- Directions for this task: Everything in the records below must be repeated exactly, except the pictures.

- Material supplied:
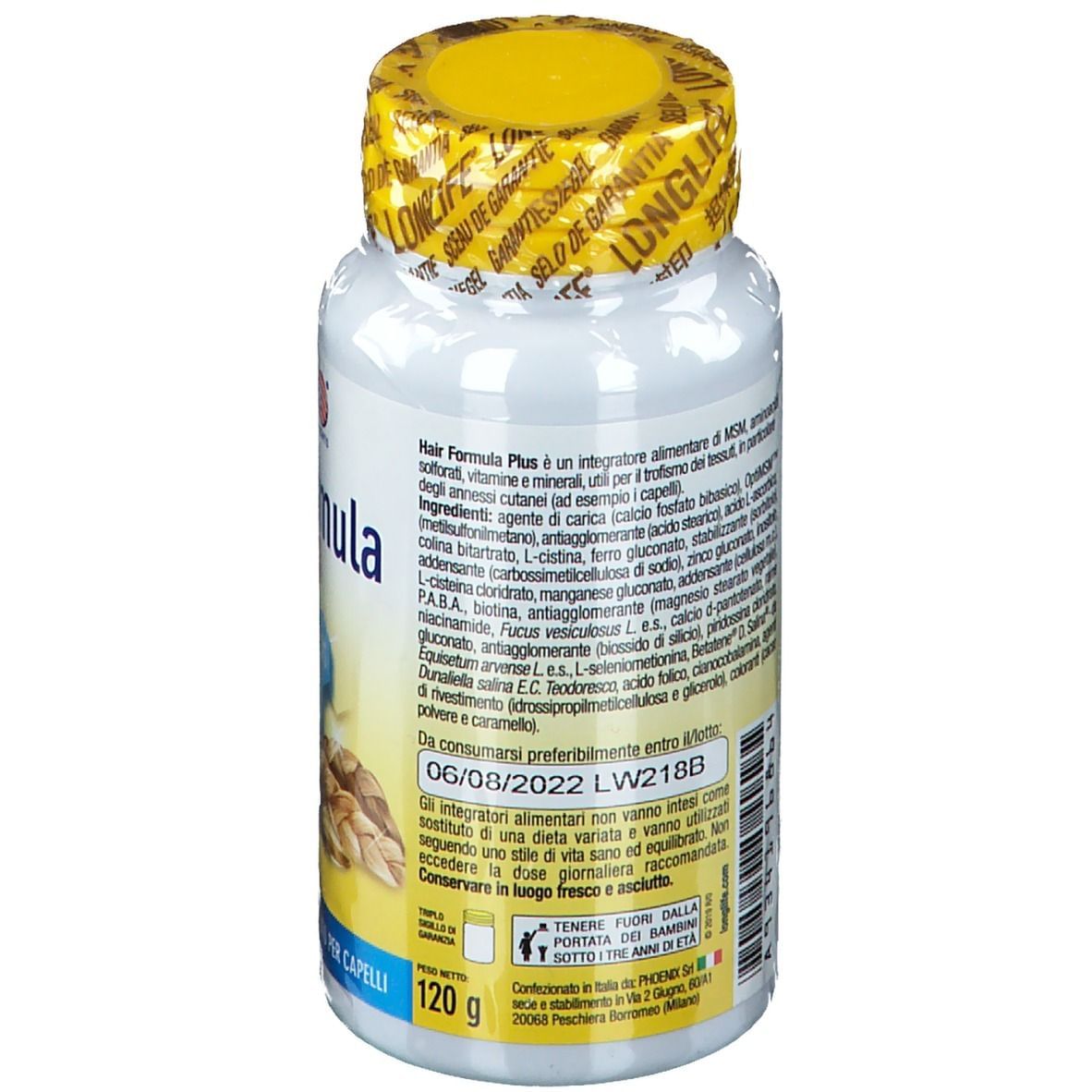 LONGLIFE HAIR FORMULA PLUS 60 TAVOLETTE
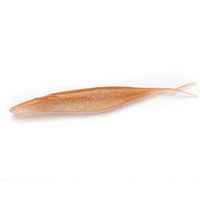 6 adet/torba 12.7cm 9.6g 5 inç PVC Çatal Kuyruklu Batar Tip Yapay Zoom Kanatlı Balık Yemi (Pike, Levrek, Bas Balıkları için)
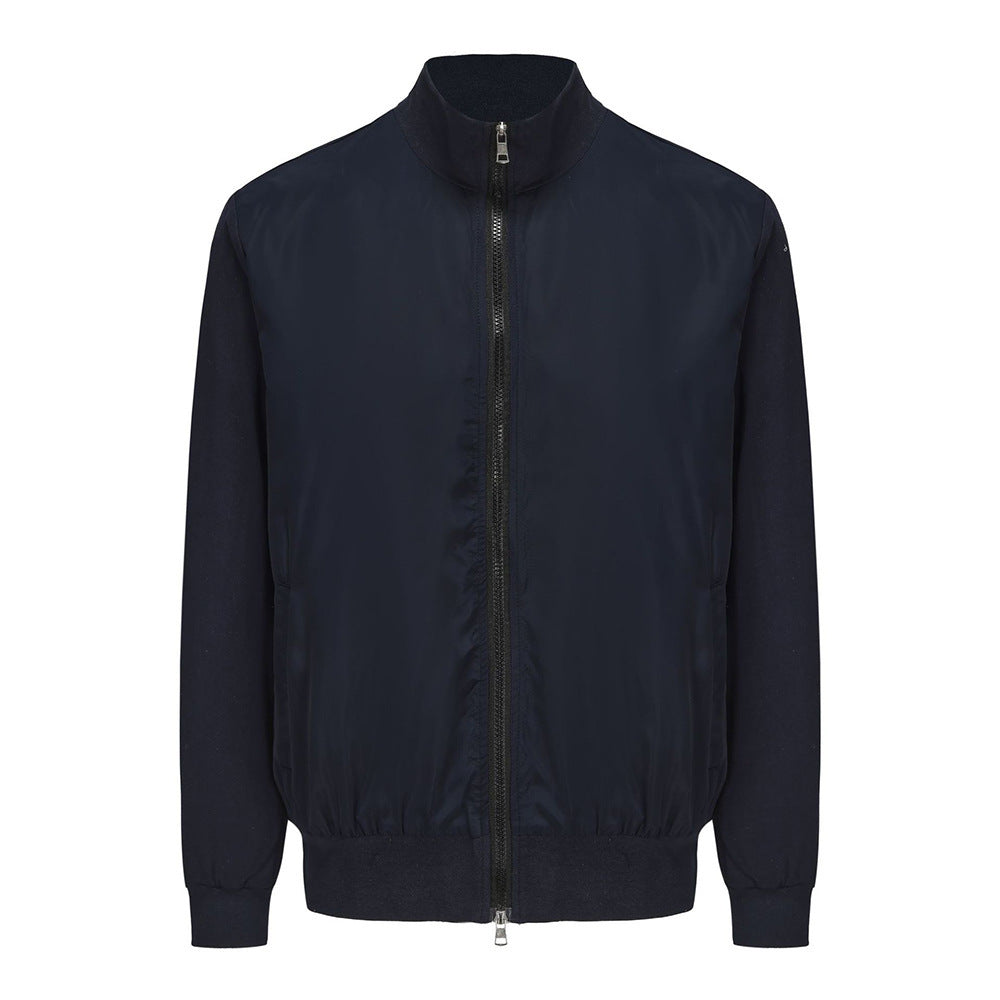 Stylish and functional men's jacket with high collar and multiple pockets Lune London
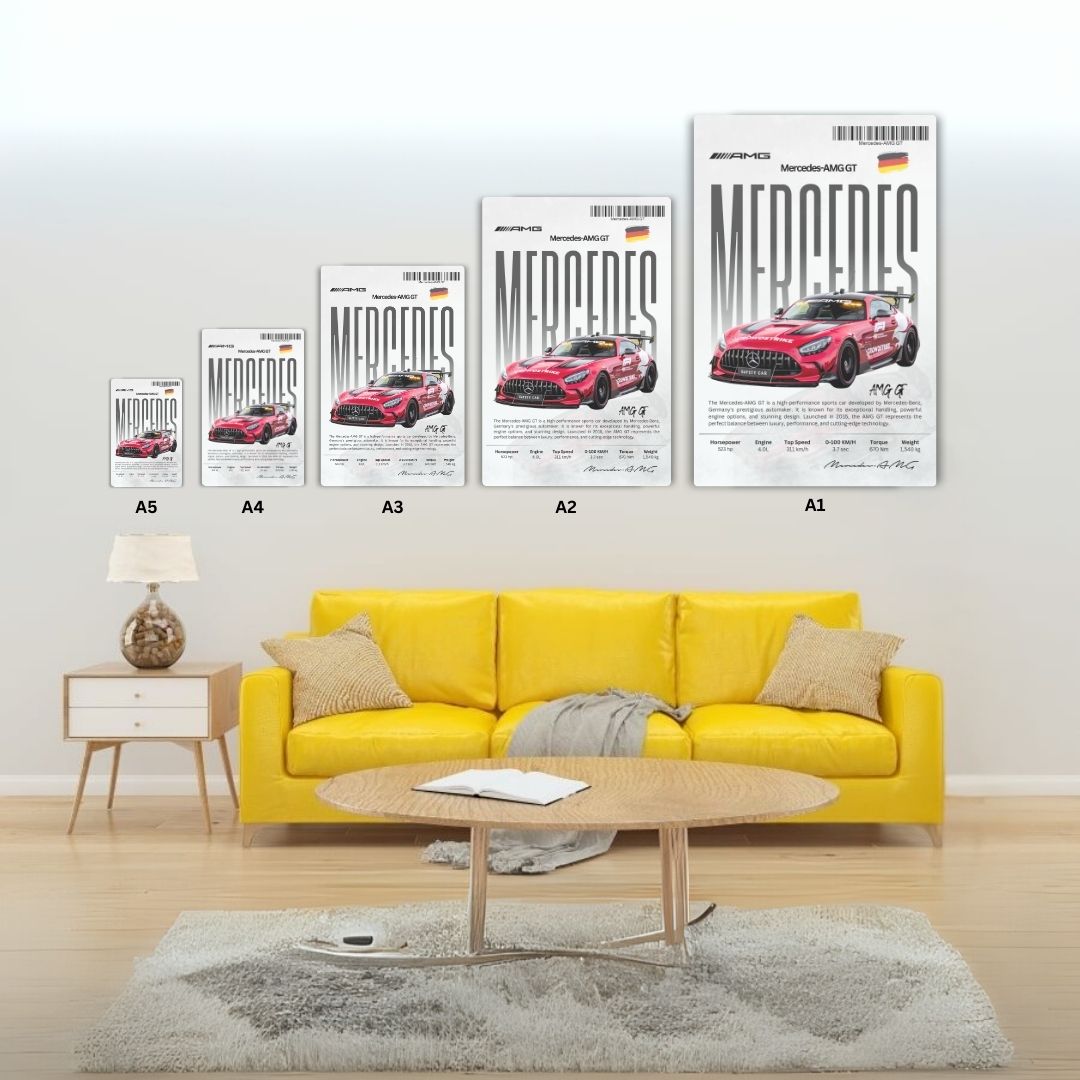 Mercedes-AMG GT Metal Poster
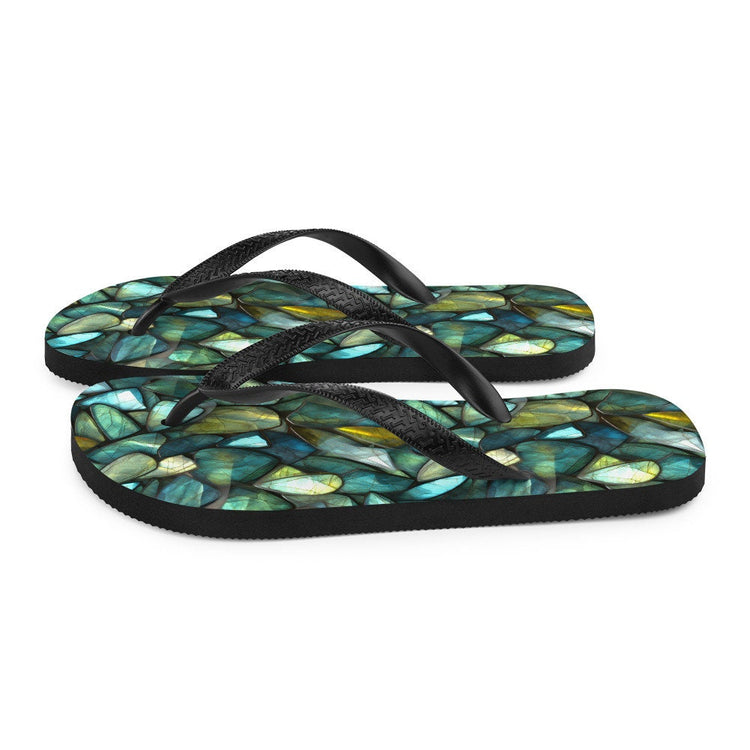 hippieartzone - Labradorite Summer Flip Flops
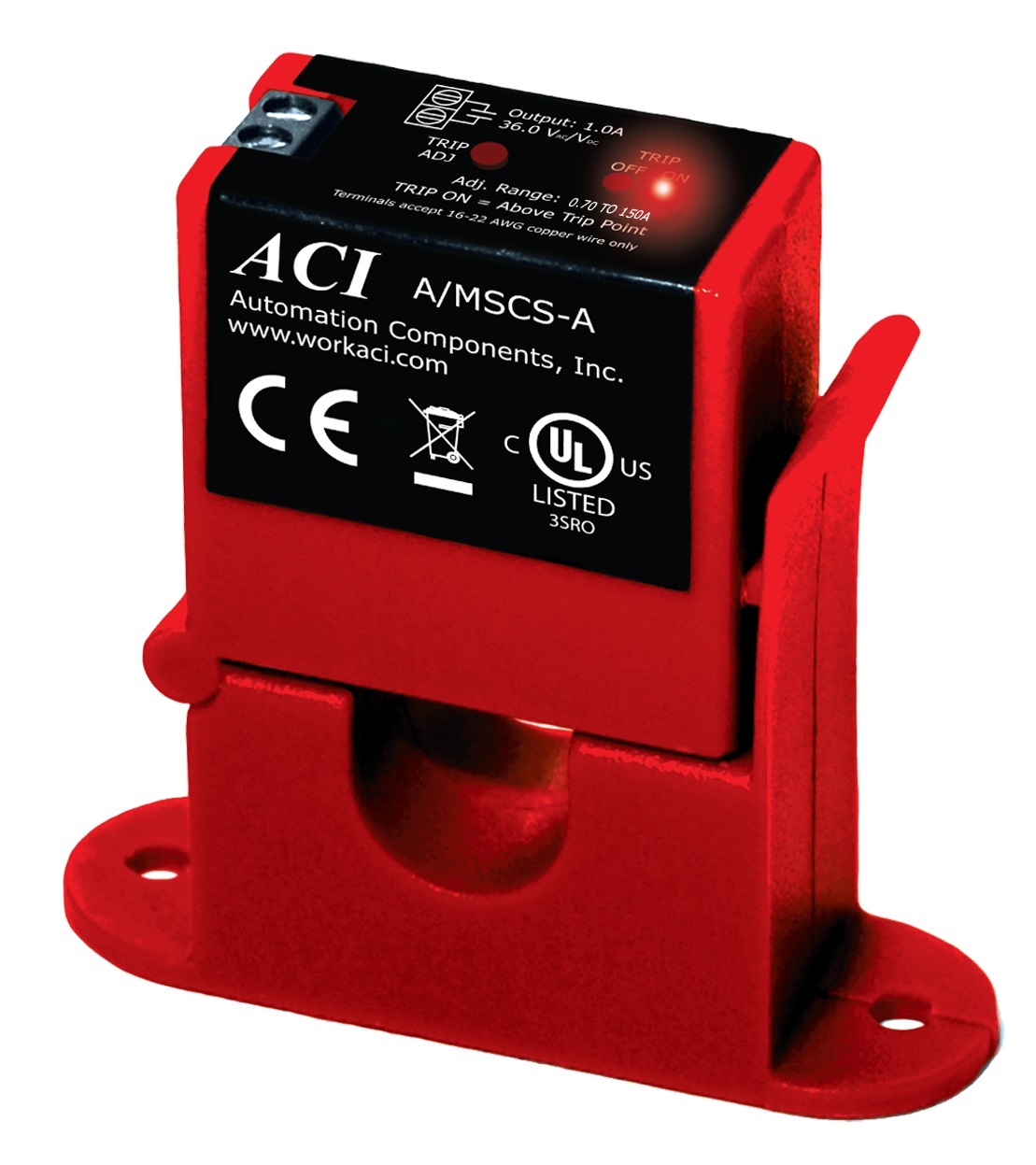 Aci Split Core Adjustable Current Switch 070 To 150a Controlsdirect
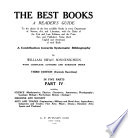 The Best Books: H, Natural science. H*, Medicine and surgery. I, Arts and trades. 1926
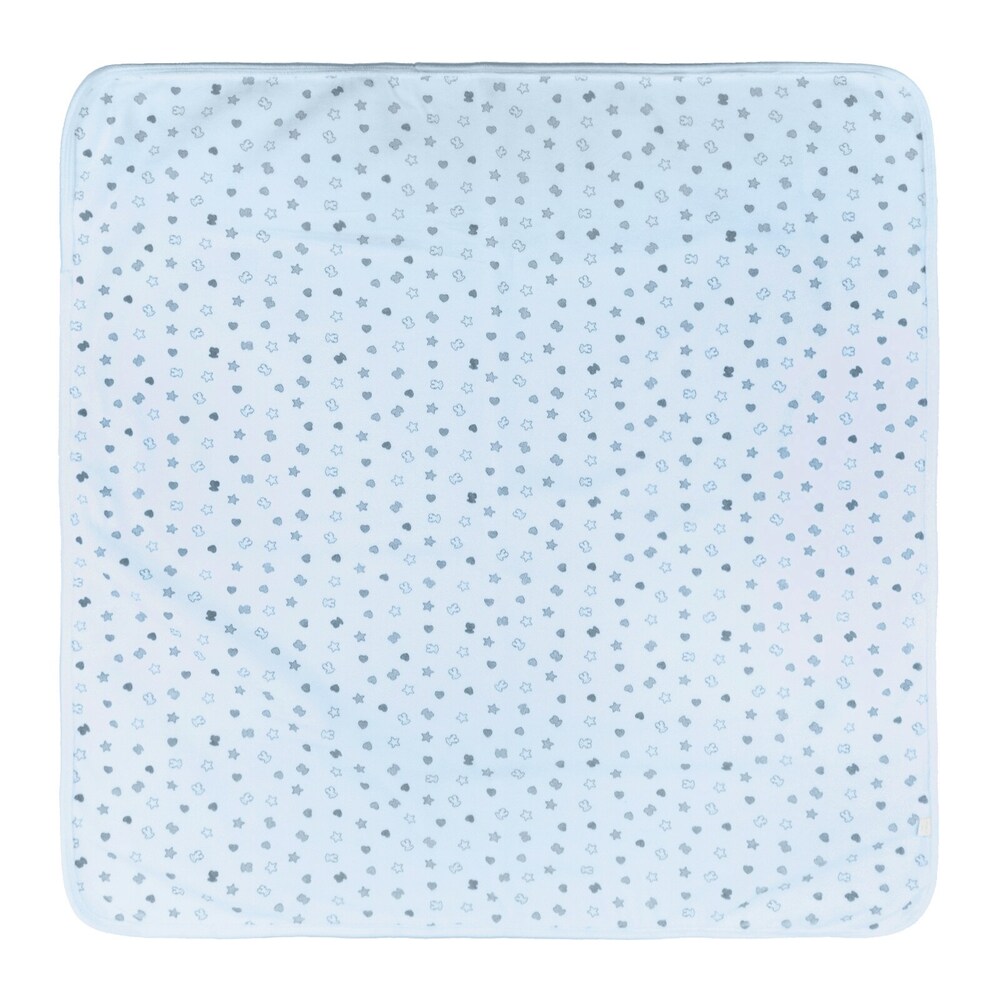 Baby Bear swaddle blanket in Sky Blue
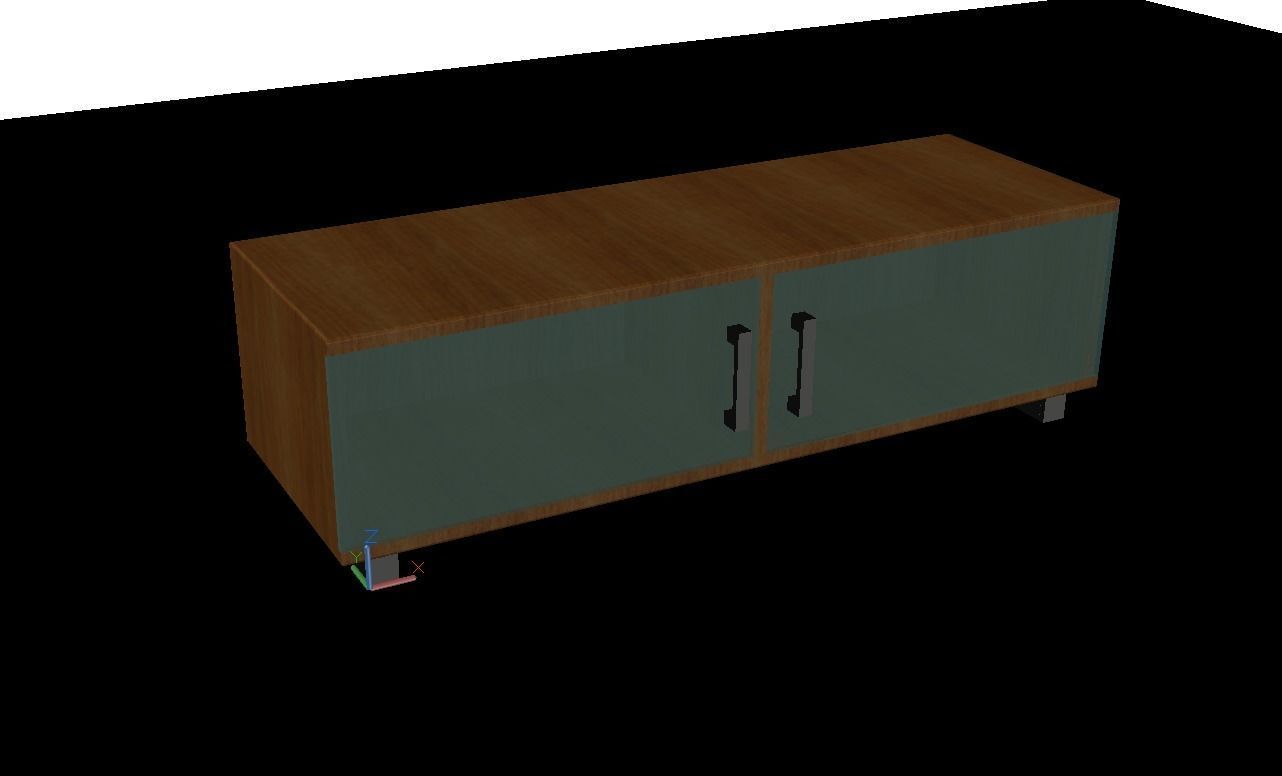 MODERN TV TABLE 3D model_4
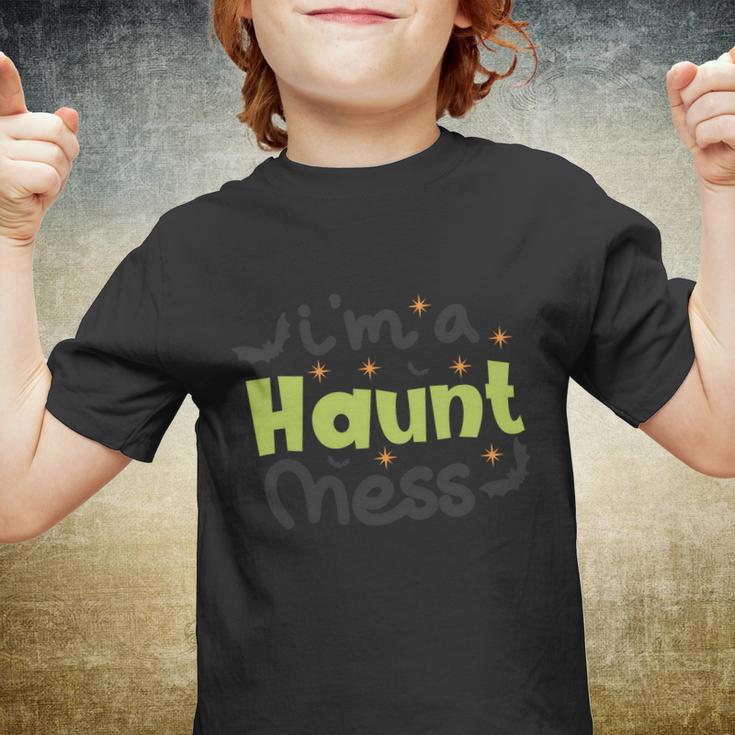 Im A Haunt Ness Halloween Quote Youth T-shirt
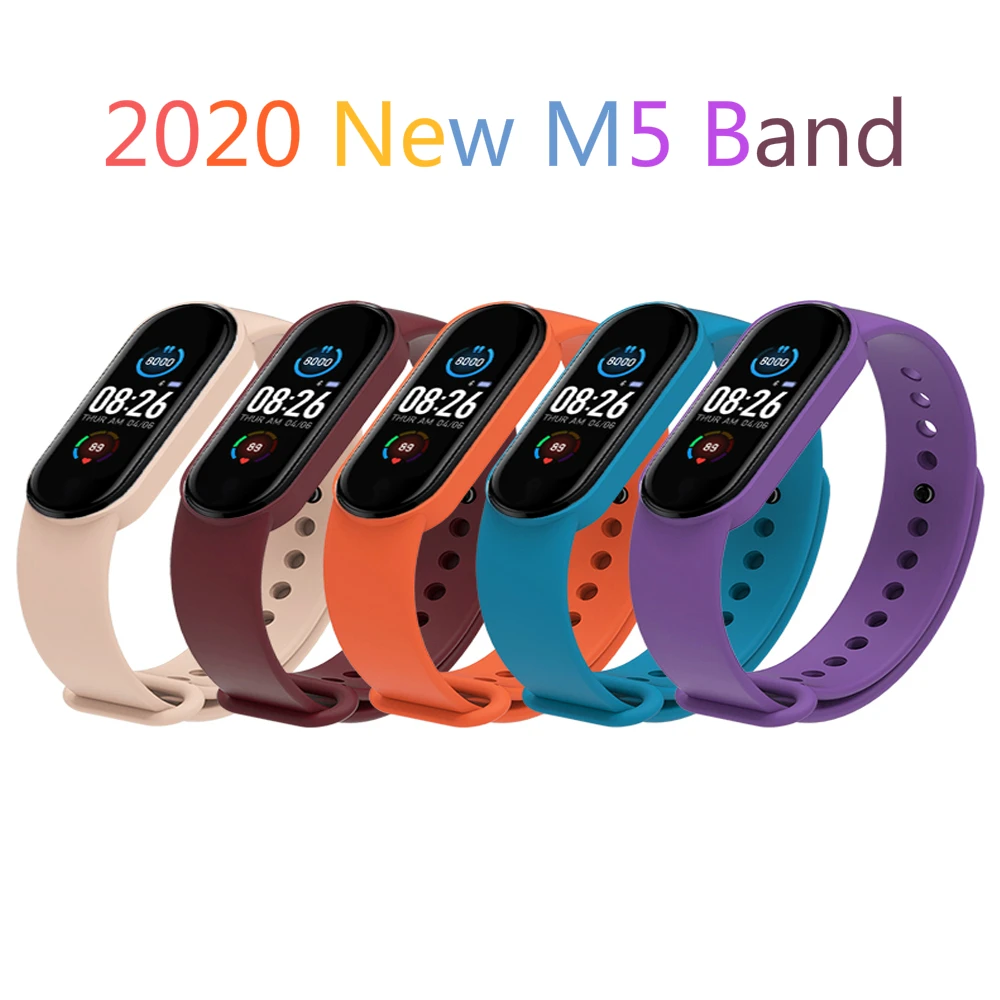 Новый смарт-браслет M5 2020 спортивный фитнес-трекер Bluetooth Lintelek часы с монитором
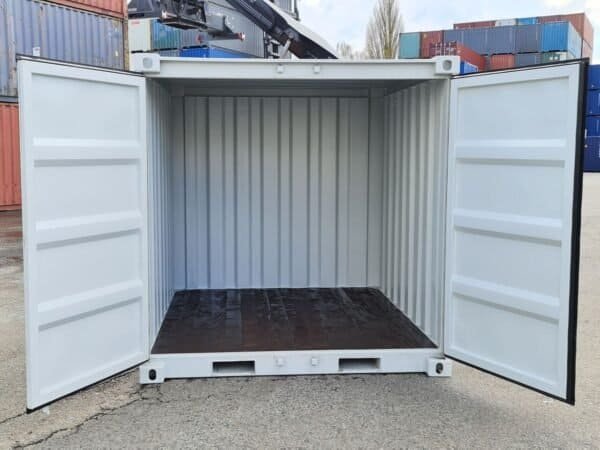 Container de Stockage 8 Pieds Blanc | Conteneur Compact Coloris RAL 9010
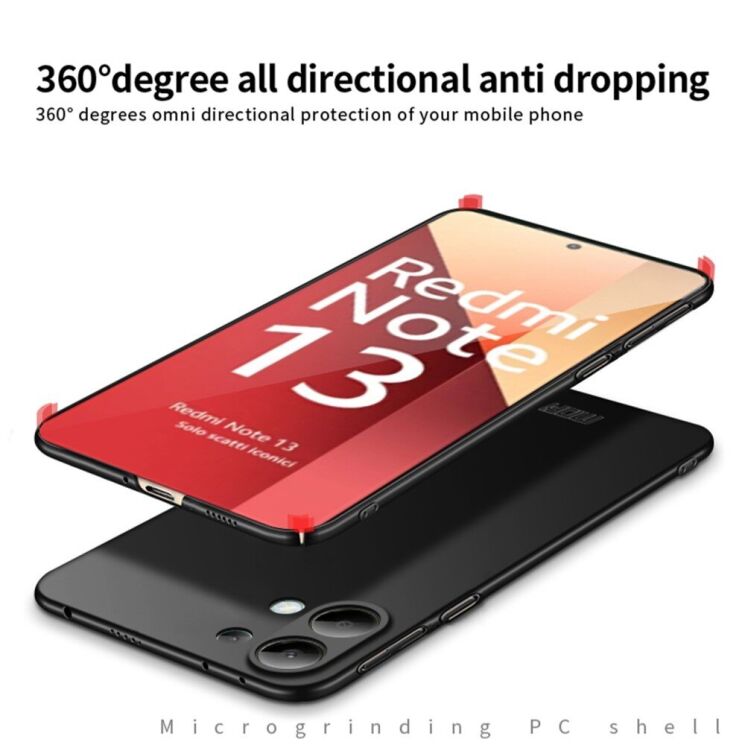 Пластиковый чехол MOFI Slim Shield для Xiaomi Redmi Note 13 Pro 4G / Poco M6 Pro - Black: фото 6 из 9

- Completed task:
 LONGLIFE HAIR FORMULA PLUS 60 TAVOLETTE
 6 adet/torba 12.7cm 9.6g 5 inç PVC Çatal Kuyruklu Batar Tip Yapay Zoom Kanatlı Balık Yemi (Pike, Levrek, Bas Balıkları için)
 Stylish and functional men's jacket with high collar and multiple pockets Lune London
 Mercedes-AMG GT Metal Poster
 hippieartzone - Labradorite Summer Flip Flops
 Aci Split Core Adjustable Current Switch 070 To 150a Controlsdirect
 The Best Books: H, Natural science. H*, Medicine and surgery. I, Arts and trades. 1926
 Baby Bear swaddle blanket in Sky Blue
 MODERN TV TABLE 3D model_4
 Im A Haunt Ness Halloween Quote Youth T-shirt
 Новый смарт-браслет M5 2020 спортивный фитнес-трекер Bluetooth Lintelek часы с монитором
 Container de Stockage 8 Pieds Blanc | Conteneur Compact Coloris RAL 9010
 Пластиковый чехол MOFI Slim Shield для Xiaomi Redmi Note 13 Pro 4G / Poco M6 Pro - Black: фото 6 из 9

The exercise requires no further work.